Salt treatment was given when rice seedlings were 10 d old. In case of P. indica-inoculated plants, salt treatment was given in parallel. Four sets of plants were analyzed in this study to check the role of P. indica during salt treatment: 1) Non-inculated plants without salt treatment, 2) plants inoculated with P. indica and salt treatment, 3) plants inoculated with P. indica without salt treatment, and 4) non-inoculated plants with salt treatment. In case of P. indica-inoculated plants, salt stress was given at day 10, and this day was taken as day 0 of salt stress. Two-hundred- and 300-mM NaCl solutions were prepared in 1 × half strength Hoagland solution. Pots having 6–10 plants were placed in trays with different salt solutions.

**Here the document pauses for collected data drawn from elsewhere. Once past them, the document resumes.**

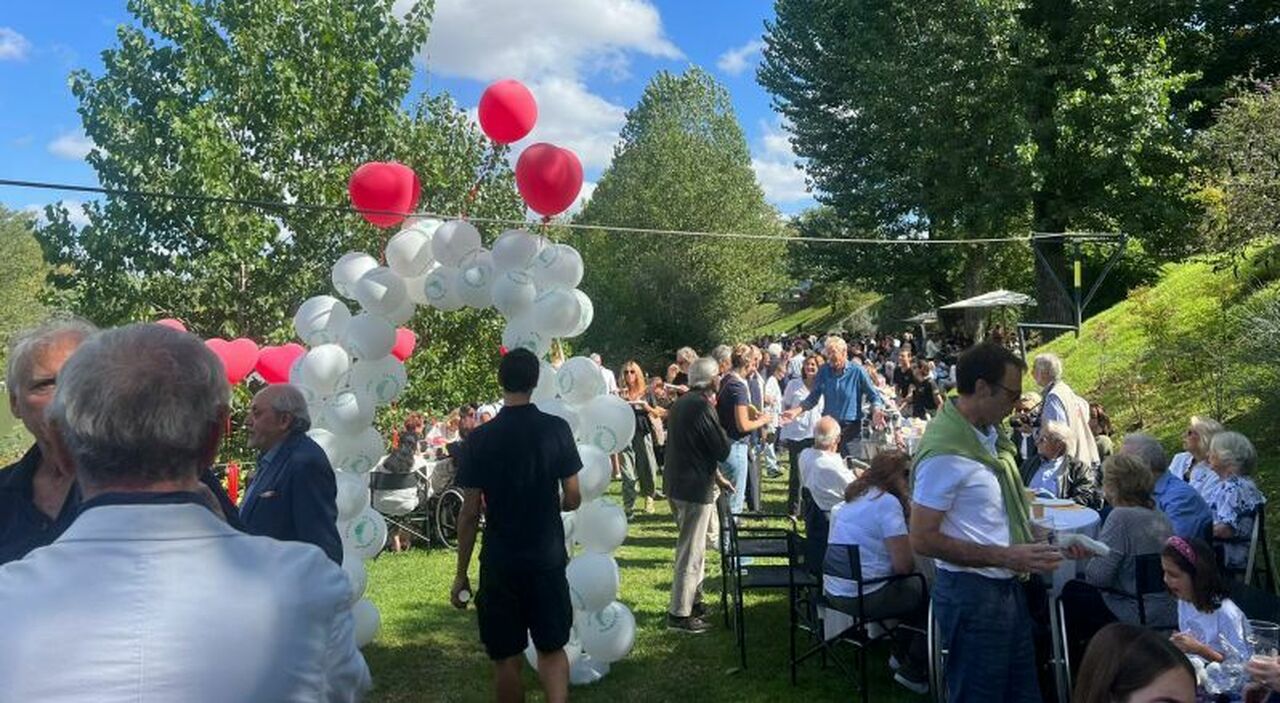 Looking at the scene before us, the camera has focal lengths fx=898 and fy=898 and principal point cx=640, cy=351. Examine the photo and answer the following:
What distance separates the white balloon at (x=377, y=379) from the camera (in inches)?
204

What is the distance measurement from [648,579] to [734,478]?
110 centimetres

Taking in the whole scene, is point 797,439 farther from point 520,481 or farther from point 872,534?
point 520,481

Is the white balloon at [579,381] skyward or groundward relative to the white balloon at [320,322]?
groundward

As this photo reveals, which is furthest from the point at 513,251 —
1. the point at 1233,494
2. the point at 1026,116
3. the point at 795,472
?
the point at 1026,116

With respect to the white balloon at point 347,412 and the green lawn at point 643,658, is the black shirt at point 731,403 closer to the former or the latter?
the green lawn at point 643,658

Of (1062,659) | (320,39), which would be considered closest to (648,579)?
(1062,659)

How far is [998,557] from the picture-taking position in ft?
8.93

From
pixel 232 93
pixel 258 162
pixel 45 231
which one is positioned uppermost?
pixel 232 93

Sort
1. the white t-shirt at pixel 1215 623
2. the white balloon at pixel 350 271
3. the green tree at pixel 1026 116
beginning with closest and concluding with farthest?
the white t-shirt at pixel 1215 623 < the white balloon at pixel 350 271 < the green tree at pixel 1026 116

Rice root numbers and length, shoot length, fresh and dry weight of P. indica-inoculated and non-inoculated plants were measured after 5, 10, and 15 d of parallel salt treatments.

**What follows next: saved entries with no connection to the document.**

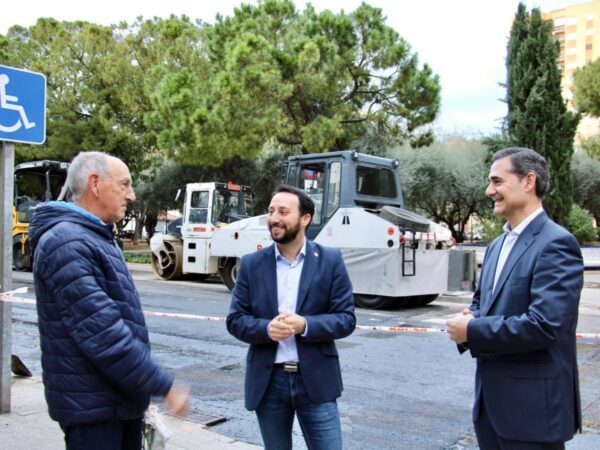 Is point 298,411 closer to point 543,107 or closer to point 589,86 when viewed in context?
point 543,107

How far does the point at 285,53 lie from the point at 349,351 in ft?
45.5

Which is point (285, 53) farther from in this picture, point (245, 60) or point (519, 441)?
point (519, 441)

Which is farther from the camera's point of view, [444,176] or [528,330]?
[444,176]

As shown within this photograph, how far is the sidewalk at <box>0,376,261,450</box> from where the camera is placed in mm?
4012

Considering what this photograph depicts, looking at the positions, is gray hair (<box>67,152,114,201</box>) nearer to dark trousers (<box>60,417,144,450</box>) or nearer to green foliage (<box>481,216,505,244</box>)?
dark trousers (<box>60,417,144,450</box>)

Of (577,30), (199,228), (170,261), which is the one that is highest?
(577,30)

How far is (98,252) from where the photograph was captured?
233cm

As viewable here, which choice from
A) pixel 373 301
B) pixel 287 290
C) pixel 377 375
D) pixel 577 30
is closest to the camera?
pixel 287 290

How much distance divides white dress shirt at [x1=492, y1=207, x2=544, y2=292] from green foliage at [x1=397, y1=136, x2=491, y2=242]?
80.7 ft

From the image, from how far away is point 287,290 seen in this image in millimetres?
2918

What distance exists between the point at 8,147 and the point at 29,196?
54.5 feet

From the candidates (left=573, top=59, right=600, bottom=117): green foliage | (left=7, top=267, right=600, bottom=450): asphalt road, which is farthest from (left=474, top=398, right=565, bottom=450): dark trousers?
(left=573, top=59, right=600, bottom=117): green foliage

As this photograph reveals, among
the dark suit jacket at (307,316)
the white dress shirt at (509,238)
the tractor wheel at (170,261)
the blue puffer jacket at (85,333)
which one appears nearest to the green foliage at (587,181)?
the tractor wheel at (170,261)

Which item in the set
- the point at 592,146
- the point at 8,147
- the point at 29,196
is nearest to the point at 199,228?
the point at 29,196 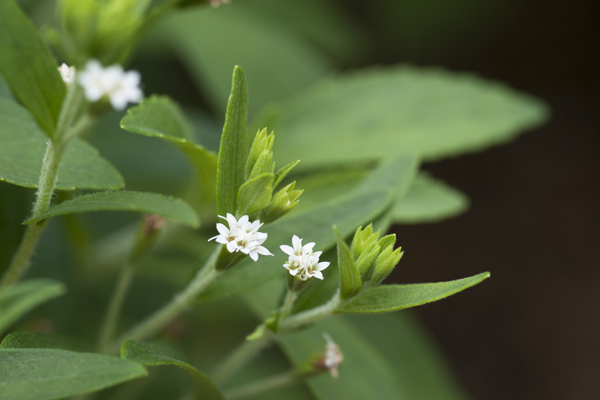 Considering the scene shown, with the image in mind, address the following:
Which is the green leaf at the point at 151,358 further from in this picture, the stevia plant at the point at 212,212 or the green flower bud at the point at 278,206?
the green flower bud at the point at 278,206

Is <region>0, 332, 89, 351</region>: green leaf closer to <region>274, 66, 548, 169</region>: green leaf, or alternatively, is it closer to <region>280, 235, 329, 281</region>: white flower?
<region>280, 235, 329, 281</region>: white flower

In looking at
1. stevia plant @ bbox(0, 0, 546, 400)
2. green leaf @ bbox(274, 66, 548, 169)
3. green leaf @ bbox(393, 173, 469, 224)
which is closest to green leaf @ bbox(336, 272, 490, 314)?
stevia plant @ bbox(0, 0, 546, 400)

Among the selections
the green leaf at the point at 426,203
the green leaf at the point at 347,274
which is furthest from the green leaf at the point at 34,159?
the green leaf at the point at 426,203

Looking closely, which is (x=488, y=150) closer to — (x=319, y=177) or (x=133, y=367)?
(x=319, y=177)

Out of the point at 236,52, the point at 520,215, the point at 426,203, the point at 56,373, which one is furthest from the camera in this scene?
the point at 520,215

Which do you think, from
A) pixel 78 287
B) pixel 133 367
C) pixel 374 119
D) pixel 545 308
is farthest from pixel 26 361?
pixel 545 308

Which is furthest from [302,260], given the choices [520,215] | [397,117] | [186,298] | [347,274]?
[520,215]

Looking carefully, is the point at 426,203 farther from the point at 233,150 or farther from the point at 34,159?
the point at 34,159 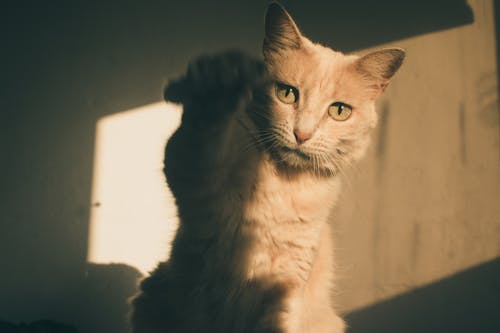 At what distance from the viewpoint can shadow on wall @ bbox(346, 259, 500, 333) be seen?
164 centimetres

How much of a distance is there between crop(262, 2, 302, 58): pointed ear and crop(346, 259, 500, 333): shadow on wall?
1.22 meters

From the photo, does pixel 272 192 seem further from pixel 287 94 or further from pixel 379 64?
pixel 379 64

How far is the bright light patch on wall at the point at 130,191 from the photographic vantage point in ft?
5.48

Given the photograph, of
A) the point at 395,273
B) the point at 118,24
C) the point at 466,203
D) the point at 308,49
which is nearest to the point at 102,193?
the point at 118,24

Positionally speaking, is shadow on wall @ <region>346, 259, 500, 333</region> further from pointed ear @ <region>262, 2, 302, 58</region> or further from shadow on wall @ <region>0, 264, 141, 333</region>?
pointed ear @ <region>262, 2, 302, 58</region>

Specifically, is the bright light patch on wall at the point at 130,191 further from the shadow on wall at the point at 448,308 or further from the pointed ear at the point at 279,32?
the shadow on wall at the point at 448,308

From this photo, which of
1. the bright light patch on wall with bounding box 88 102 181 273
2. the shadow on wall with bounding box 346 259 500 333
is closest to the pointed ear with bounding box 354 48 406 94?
the bright light patch on wall with bounding box 88 102 181 273

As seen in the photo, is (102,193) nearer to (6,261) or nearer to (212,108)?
(6,261)

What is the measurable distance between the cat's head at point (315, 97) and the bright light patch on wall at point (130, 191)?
75cm

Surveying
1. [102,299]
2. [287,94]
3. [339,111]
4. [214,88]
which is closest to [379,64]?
[339,111]

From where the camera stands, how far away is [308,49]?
110 cm

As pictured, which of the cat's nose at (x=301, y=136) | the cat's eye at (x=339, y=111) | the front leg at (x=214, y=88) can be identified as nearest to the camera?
the front leg at (x=214, y=88)

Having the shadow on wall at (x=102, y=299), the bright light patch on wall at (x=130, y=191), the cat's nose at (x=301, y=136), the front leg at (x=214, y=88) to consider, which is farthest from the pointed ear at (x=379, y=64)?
the shadow on wall at (x=102, y=299)

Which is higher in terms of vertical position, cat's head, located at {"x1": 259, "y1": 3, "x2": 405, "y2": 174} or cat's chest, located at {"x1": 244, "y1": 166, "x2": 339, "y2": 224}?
cat's head, located at {"x1": 259, "y1": 3, "x2": 405, "y2": 174} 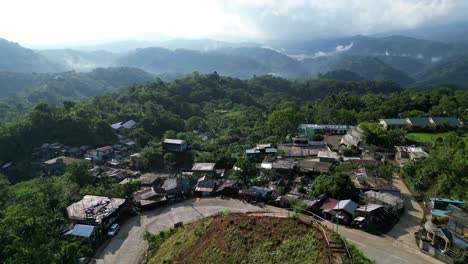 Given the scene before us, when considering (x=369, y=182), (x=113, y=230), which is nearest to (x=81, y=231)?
(x=113, y=230)

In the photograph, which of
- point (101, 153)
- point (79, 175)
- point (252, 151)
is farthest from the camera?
point (101, 153)

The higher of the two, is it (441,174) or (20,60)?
(441,174)

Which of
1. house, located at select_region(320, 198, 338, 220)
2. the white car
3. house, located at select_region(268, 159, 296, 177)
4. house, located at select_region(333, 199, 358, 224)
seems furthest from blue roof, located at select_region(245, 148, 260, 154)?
the white car

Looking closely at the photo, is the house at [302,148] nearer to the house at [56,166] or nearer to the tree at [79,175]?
the tree at [79,175]

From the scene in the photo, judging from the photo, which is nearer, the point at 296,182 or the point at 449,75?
the point at 296,182

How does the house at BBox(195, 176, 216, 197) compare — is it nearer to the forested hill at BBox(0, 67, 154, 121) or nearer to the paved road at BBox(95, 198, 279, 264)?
the paved road at BBox(95, 198, 279, 264)

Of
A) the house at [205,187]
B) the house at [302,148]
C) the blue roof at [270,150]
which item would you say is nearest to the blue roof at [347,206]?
the house at [205,187]

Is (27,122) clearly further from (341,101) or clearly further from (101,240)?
(341,101)

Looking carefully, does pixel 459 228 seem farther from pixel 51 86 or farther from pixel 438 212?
pixel 51 86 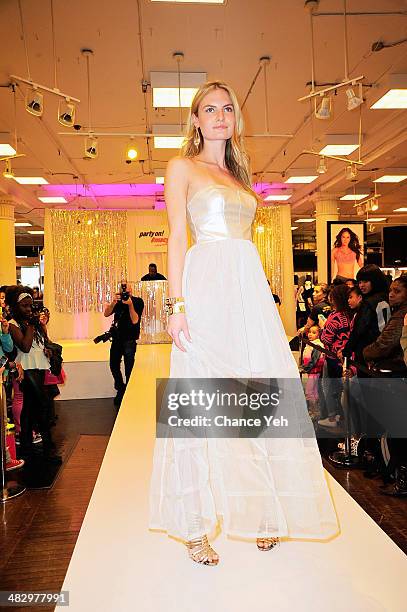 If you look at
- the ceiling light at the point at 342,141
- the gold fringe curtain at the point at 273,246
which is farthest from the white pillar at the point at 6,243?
the ceiling light at the point at 342,141

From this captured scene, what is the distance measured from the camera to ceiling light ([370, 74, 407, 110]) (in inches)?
231

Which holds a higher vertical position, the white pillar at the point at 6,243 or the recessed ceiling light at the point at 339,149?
the recessed ceiling light at the point at 339,149

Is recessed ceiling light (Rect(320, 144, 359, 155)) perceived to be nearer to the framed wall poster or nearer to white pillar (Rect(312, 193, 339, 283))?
the framed wall poster

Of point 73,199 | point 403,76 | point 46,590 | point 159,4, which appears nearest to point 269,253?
point 73,199

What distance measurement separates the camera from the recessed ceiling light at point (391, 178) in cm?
1061

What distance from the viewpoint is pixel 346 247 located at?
9.95m

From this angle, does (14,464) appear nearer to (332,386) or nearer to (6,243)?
(332,386)

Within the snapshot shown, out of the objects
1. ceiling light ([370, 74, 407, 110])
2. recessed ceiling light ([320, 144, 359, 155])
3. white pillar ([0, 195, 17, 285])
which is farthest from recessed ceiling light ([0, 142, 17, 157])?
ceiling light ([370, 74, 407, 110])

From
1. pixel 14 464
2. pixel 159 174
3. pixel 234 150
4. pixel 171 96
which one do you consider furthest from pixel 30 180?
pixel 234 150

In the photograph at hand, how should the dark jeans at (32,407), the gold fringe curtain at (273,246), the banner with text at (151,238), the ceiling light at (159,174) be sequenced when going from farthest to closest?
the gold fringe curtain at (273,246), the banner with text at (151,238), the ceiling light at (159,174), the dark jeans at (32,407)

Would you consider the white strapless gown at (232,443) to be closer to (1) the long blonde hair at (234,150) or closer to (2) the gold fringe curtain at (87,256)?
(1) the long blonde hair at (234,150)

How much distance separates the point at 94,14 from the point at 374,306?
3569mm

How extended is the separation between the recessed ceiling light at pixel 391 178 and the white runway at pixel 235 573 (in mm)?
9782

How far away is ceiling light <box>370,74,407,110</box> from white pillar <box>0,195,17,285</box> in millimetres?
8169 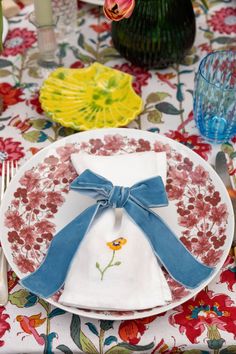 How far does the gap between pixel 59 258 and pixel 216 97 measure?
0.37 meters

Determination of chlorophyll a, b and carotenoids contents

Leaves were harvested, weighed, and ground in 90% ammonical acetone (acetone: water: 0.1 N ammonia, ratio of 90: 9: 1) at 4°C. Pigments contents were measured at 663, 645, and 470 nm for Chl a, Chl b, and carotenoids, respectively, using the supernatant. Total Chl content was measured by spectrophotometer and calculated as nmol/ml. Chl a = (14.21 × OD663 – 3.01 × OD645), Chl b = (25.23 × OD645 – 5.16 × OD663), Chl (a+ b) = (9.05 × OD663 + 22.2 × OD645), and carotenoids = {1000 × OD470 – (3.27 × Chl a – 1.04 × Chl b)/5}. The obtained values were divided by leaf fresh weight to obtain values in nmol/ml/mg of leaf fresh weight.

Proline content measurement

Proline accumulation is one of the immediate plant responses to stress, therefore the proline content was measured at day 0, 1, 2, 4, 5, 10, and 15. Plants were 10, 11, 12, 14, 15, 20, and 25 d old at these measuring points when P. indica inoculation or salt treatment or both treatments or none of them were applied. Proline content was determined according to method described previously. In brief, 0.5 g of plant material was homogenized in 10 ml of 3% aqueous sulfosalicylic acid and the homogenate was centrifuged (10000 rpm for 10 min). The supernatant was reacted with 2 ml acid ninhydrin and 2 ml of glacial acetic acid in a capped test tube for 1 h at 100°C and the reaction terminated in an ice bath. The reaction mixture was extracted with 4 ml ice-cold toluene and mixed vigorously with a test tube glass stirrer for 15–20 s. The chromophore containing toluene was extracted from the aqueous phase, warmed to room temperature, and the absorbance was read at 520 nm using toluene as blank. Proline concentration was determined from a standard curve and calculated on a fresh weight basis as follows: [(µg proline /ml*ml toluene) /115.5 µg/µmole] /(g sample /5) = µmole proline / g of fresh weight material.

Statistical analysis

For the analyses, SigmaPlot 11.0 version was used. Paired t-test was used to check the significance difference between non-inoculated and P. indica-inoculated plants as well as when the salt treatment was given in both the conditions.